Freed from the shackles of Chip and PIN implementations, retailers have spent their budgets on a broad variety of technologies over the past 12 months. Many have invested in staff scheduling, online recruitment, IP-based security surveillance and e-learning systems, in an effort to improve operating efficiencies, increase sales and reduce costs. It is hardly a stampede, but others have tapped into more innovative technology, such as thermal imaging software to reduce queuing times. Last autumn, Tesco chief executive Sir Terry Leahy said that a quarter of a million more customers a week no longer have to queue thanks to its One in Front campaign, which uses thermal imaging cameras.
Easing the checkout pain
Previously, the UK’s largest supermarket chain had to poll checkouts every 15 minutes, but the Irisys cameras tie in with point-of-sale information to automatically detect the number and behaviour of queuing customers at its checkouts. Subsequently, Tesco has extended the use of the cameras at store entrances so that managers can better predict traffic through the tills.
Saucy lingerie and sex toy specialist Ann Summers has also deployed thermal imaging software, which shows customers as a hot blob counted once they cross a line. Other innovation has seen Argos, Woolworths and JJB Sports continue to invest in in-store kiosk technology.
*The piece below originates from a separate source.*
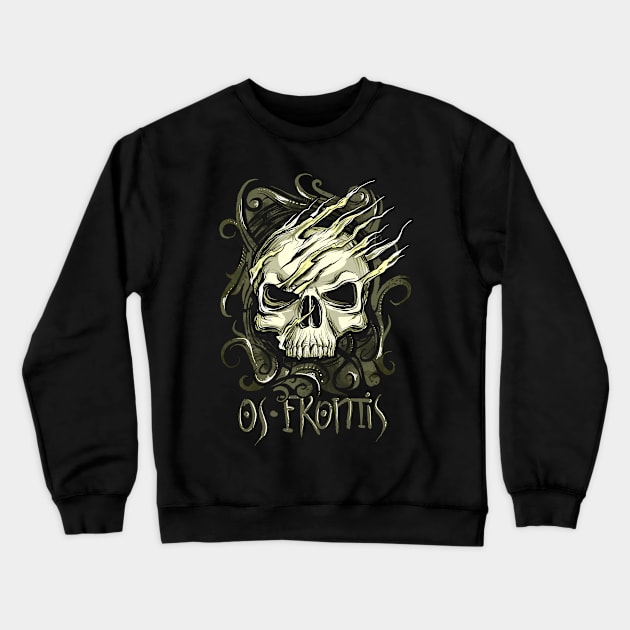 Skull Os Frontis Crewneck Sweatshirt by OsFrontis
Argos is rolling out additional kiosks in stores after fine-tuning their usage over several years. Last year, Woolworths said it was extending its use of kiosks from 20 to about 100 units, although it is still evaluating their return on investment.
Outsourcing cuts costs
However, such innovative projects only account for a small proportion of retailers’ investment in IT. With one eye on improving operating margins, most retailers place a greater emphasis on using technology to trim costs. Certainly, supermarket chain Somerfield had cost savings in mind, when it signed a seven-year deal with Indian services provider Tata Consultancy Services (TCS) to outsource the management of its entire IT infrastructure late last year. Owned by a private equity consortium, Somerfield expects to cut costs by a third over the duration of the contract, which extended its existing agreements with TCS.
Under the deal, TCS will take responsibility for managing Somerfield’s mainframes, Unix and NT platforms, and delivering IT services to 900 retail outlets and eight distribution depots. The supplier plans to exploit developments in technology to manage user accounts, deploy software upgrades and manage capacity remotely from India. About 115 of the 141 IT jobs at the retailer’s Bristol IT headquarters were transferred to TCS, but Somerfield retained a team of 25 senior executives to manage the strategic direction of the contract. While such large outsourcing deals are rare in retail, most outsource a large chunk of their IT services, of which India swallows a growing proportion.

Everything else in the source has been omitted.